Regardless of what Job / Career anyone decides upon there are a couple of very simple truths.

1) Find something that you LIKE to do ! If you like it and enjoy doing it, you will do well at it.
2) If you only chase the dollars and put everything else in 2nd or lower place, you will never be happy. Money pays bills but does not make you happy, and buying junk and having a debt is not happiness making.
3) If you get into something, thinking it will be good and you discover it's not what you expected or hasn't the potential you hoped, see #1. There is NOTHING worse than waking up everyday, looking at yourself in the mirror and asking yourself "why the hell am I doing this, I hate this, the people and bull with it" or any variation like that, it's time to change out, your at the point were you are doing no good for yourself, your family and your current employers.
4) If the work you have chosen takes a path which cuts off your family & quality times, consider what is more important for you & your family... Again, material stuff is meaningless, it's just "stuff" and replaceable, it will not give you happiness, no emotional support, nothing of value.


----------



## haypoint (Oct 4, 2006)

East of Lansing MI, the middle class community of Williamston has a High School program that gets students on track by bussing them to Lansing Community College to take basic college clases to get them a head start towards a degree.
In nearby Webberville,MI, a middle and lower income community with a couple trailer parks. They bus students to a trade school.
These student's futures are dictated before they leave high school.
After 50 years of discounting occupations like plumbers, electricians, mechanics and welders, trade schools are gaining favor. About time.


----------



## Heritagefarm (Feb 21, 2010)

emdeengee said:


> I have never understood the sneering of one group at the other. The disdain for the educated and the shoulder chips on the vocation/trades/ workers. Neither can do without the other. My Dad built bridges, railways, tunnels, dams and roads and designed engines, guns and inertial guidance systems but he could not have done any of this without the workers and trades people and technicians and technologists who did the actual building and creating. Would have been a nice set of drawings to frame though.
> 
> The only thing that I learned outside of school was to do what I wanted to do - that which made me happy and content with my life and what I had to do to make money. My husband had a very, very successful and profitable first career. He never liked it but every time he made up his mind to change he got a promotion with more money and a new challenge. He finally had enought and went back to school to do what he wanted. For 25 years he has been a really happy man and maybe this year he will earn almost what he used to earn in his first career.

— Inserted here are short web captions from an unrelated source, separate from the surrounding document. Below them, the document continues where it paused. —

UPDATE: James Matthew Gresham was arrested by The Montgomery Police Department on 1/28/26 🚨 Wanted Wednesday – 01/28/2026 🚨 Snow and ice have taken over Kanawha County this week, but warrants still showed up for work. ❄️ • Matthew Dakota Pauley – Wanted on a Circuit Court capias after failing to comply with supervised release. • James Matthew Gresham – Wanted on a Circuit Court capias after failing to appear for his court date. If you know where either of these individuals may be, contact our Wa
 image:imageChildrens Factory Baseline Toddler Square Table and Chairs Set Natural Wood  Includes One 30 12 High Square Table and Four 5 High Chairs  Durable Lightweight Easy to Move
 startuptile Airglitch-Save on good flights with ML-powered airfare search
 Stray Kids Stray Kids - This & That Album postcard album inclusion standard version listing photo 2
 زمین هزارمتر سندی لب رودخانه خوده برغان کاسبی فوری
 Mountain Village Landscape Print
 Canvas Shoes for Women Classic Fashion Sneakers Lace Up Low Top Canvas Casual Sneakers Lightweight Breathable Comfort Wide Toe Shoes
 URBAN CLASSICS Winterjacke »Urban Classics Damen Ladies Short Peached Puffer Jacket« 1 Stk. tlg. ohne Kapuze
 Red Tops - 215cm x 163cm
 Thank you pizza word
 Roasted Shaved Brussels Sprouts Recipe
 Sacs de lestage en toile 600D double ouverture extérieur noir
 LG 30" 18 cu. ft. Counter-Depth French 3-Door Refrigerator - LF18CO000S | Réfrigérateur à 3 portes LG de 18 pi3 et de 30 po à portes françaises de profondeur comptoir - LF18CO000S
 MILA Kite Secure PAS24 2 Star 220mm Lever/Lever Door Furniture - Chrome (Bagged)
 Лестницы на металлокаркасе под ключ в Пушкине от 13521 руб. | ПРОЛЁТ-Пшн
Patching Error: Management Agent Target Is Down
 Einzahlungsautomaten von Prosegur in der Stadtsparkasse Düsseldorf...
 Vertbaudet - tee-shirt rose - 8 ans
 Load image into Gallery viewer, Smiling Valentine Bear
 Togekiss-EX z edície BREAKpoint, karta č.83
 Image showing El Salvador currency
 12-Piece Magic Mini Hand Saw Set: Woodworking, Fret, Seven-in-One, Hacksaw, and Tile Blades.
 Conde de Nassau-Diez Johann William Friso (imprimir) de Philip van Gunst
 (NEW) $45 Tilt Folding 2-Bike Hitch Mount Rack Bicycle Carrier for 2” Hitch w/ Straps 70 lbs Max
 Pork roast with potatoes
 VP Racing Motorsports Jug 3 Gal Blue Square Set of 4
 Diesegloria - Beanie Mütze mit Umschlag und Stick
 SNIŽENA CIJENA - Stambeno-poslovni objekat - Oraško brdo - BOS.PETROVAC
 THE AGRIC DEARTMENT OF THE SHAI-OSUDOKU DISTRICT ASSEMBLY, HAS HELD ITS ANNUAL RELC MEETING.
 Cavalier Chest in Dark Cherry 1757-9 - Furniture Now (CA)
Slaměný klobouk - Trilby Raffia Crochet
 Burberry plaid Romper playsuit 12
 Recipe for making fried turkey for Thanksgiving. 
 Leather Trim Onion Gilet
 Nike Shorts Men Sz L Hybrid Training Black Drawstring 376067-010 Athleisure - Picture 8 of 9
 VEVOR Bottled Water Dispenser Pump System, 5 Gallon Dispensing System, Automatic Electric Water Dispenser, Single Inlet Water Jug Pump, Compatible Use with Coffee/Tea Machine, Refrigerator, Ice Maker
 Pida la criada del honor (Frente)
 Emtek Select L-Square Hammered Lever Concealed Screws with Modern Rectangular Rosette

Very good post we need more people like you. It's not good to sneer at the educated nor to look down at the tradesman. I think the reason I react so much here is because I always feel like I'm being sneered at for getting a degree, especially since it's usually the degree-less doing the sneering.


----------



## Clem (Apr 12, 2016)

It's hard to see yourself, sometimes. But you've become just like the people you despise.


----------



## painterswife (Jun 7, 2004)

Heritagefarm said:


> Very good post we need more people like you. It's not good to sneer at the educated nor to look down at the tradesman. I think the reason I react so much here is because I always feel like I'm being sneered at for getting a degree, especially since it's usually the degree-less doing the sneering.


Your posts sneer at those you judge because of their chosen employment or education. You equate it with their intellect. I don't understand how you can't see that general line flowing through your posts. I don't see anyone putting down those seeking education.


----------



## Heritagefarm (Feb 21, 2010)

painterswife said:


> Your posts sneer at those you judge because of their chosen employment or education. You equate it with their intellect. I don't understand how you can't see that general line flowing through your posts. I don't see anyone putting down those seeking education.


I don't equate employment, education, or intellect. They're often related, but they're not the same thing. However, you would expect someone who can get through a mechanics course will only _require _a certain intellectual brunt. And you would also expect that becoming a nuclear physicist will require a different level of intellectual brunt. There's nothing wrong with admitting that. I'm pretty sure I'm not actually smart enough to become a nuclear physicist. But that's top tier science. Knowing our weaknesses allows us to focus on our strengths. Intellectual shaming is embedded in most of your posts, even your OP here.


----------



## ErinP (Aug 23, 2007)

My senior, who's on the Quiz Bowl team, was voted Programmer for his robotics team and went to space camp, twice, has diesel mechanic on his list of chosen occupations.

All of a sudden, now he's not intelligent?


----------



## painterswife (Jun 7, 2004)

Heritagefarm said:


> I don't equate employment, education, or intellect. They're often related, but they're not the same thing. However, you would expect someone who can get through a mechanics course will only _require _a certain intellectual brunt. And you would also expect that becoming a nuclear physicist will require a different level of intellectual brunt. There's nothing wrong with admitting that. I'm pretty sure I'm not actually smart enough to become a nuclear physicist. But that's top tier science. Knowing our weaknesses allows us to focus on our strengths. Intellectual shaming is embedded in most of your posts, even your OP here.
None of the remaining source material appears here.